Minecraft might be my new obsession.  Due to Ken’s blog and glowing review of it, I ended up watching a couple of YouTube videos of a guy starting out and I was convinced to download and purchase it.  Turns out, it’s extremely addictive, even to a gamer like me, who generally dislikes (1) 1st person shooters, (2) crafting in general in games, and (3) open sandbox worlds.  Kind of odd, but I have been self-examining while playing, and I think I know why I enjoy it so much – it’s a kind of game design game, in that you generate your goals and the style of gameplay you want as you play.  It’s kind of similar to how I imagine Dwarf Fortress plays out, which many of my friends have played but which was entirely uninteresting to me.

In Minecraft, you start in a randomly generated landscape with nothing.  You can go “mine” wood from a tree, and then “craft” it into wooden planks.  Two planks become sticks, and four planks a workbench.  The workbench gives more space to craft, so you can then make larger objects like a wooden pick – which is betting at mining, and so can get you stone.  Stone can make you furnace.  Eventually you can find other resources, like coal (torches), sand (glass), iron (steel) and even diamond and this crazy mystical substance “red stone” (which can power things at a distance, a la electricity).  Add to this the fact that the world autogenerates around you in an almost infinite fashion, and that there’s a survival component (at night, the zombies cometh), and you have a recipe for a very interesting game with only a small number of core mechanics.

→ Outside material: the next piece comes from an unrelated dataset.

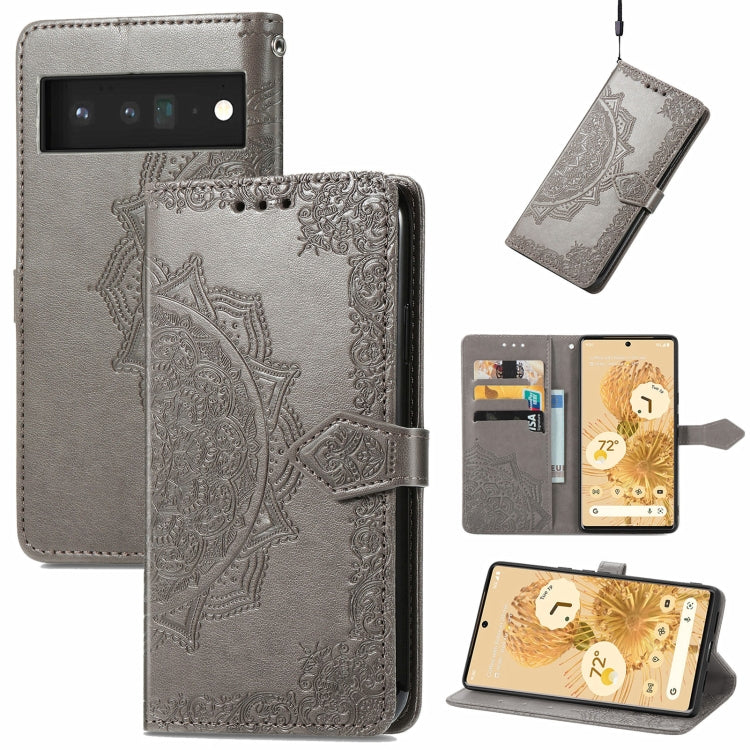 Mandala Embossing Pattern Horizontal Flip Leather Case with Holder & Card Slots & Wallet & Lanyard, For Motorola Edge 2021, For Google Pixel 6, For Nokia C20, For Nokia G50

One major drawback of Minecraft is it is extremely simple, pixelated graphics, which means it is not super compelling visually.  But honestly, it ends up being both endearing and undistracting, letting the mechanics shine through.  If you enjoy sandbox type games, or building (Sim-style) games, or quest-adventure games, or you are interested in exploring a world populated only by you and uniquely formed for you, Minecraft is worth a try.

Overall: A-
Mining to Crafting Ratio: 10:1 or greater, depending on how much of a “quester” you want to be
Variety of Speckles in Stone: B-

p.s. My current house has a lava floe into a lake outside, and I am planning on hollowing out the mountain I built it in to make the Mines of Moria.  Hopefully I won’t spend every waking moment on it!